An exact date for the hearing where the public can share input on proposed regulations has yet to be set, though discussions have been ongoing for months in a small committee reexamining current regulations.
“Our wind farm group had a short meeting last night, have another one planned yet, but still haven’t set an informational meeting date,” said board member Matt Bauman. “That will be forthcoming here sometime. We’re still trying to narrow down our scope of where we’re going to make adjustments or changes to.
“We have an idea, but there was a lot of discussion amongst our group last night, so I know there’s a lot of discussion amongst the public, too.”
County Board Chairman Myron Dorn said the process is turning out to be a long one, in part because of how many questions the topic has raised.
“It’s taking a little longer than we thought, but we’re finding out this is an issue that a lot of people have a lot of thoughts on, on both sides of it,” he explained. “Even last night in our little group that we had, there was some really good discussion.”

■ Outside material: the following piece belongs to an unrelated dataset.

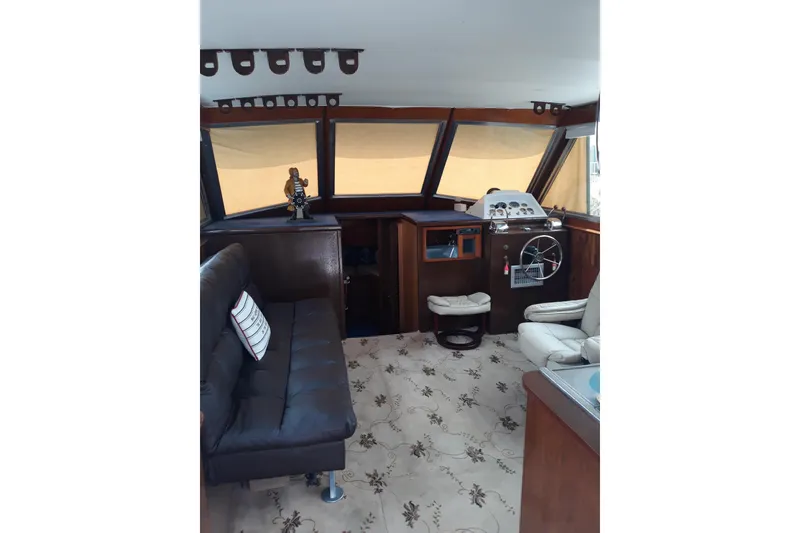 Slide: The Image of Interior of 1968 Hatteras 38 Convertible yacht with vintage helm and seating area. - 4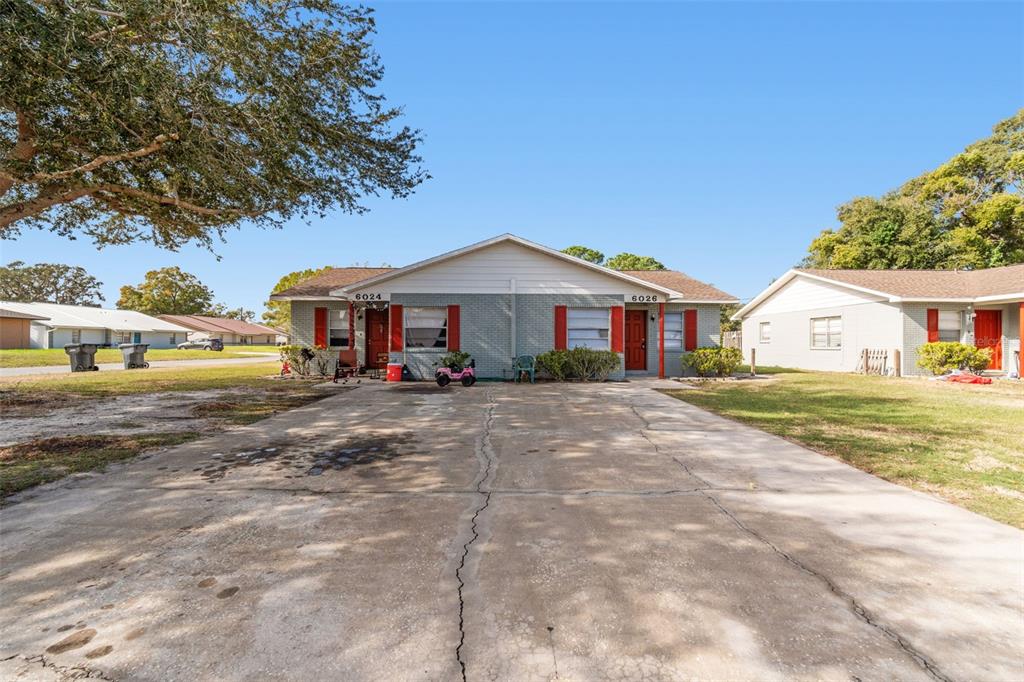 6024 Norton Road Lakeland, FL 33809 - Photo 9 of 56 a front view of a house with a yard and trees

The proposed changes are the result of joint meetings with Lancaster County officials first held in March that discussed everything from setback requirements and noise levels to health concerns.
“We’re looking at setbacks, how to deal with decibel levels, we’re looking at how to deal with currently platted subdivisions, the decommissioning process and single energy systems,” Bauman said. “Those are the things we’re looking at and we discussed cleaning up some of the proposals we would have at public meetings in September.”
The joint discussions were prompted by Volkswind USA after the company announced plans last September for a wind farm that would be primarily in Lancaster County, though it would also occupy around 4,000 acres in Gage County.
Officials with Volkswind have expressed concern that more strict requirements for where turbines can be placed would be detrimental, and may prohibit the project from getting off the ground.
While officials from Gage and Lancaster counties have merged efforts, Bauman reminded the board their conclusions will likely differ.
“Our regulations are not intended to mirror Lancaster County’s,” he said. “Population differences, land use differences and population density issues are different. I think just because we were in the same meeting initially I think there was an implication that we were going to mirror those. I don’t think that’s the intent.”
County Board members previously said setback requirements currently state the base of a wind turbine must be at least 1,250 feet from the nearest corner of a nonparticipating residence.
The board has previously discussed doubling the setback requirement to 2,500 feet.
Gage County’s wind turbine regulations haven’t changed since they were set in 2010.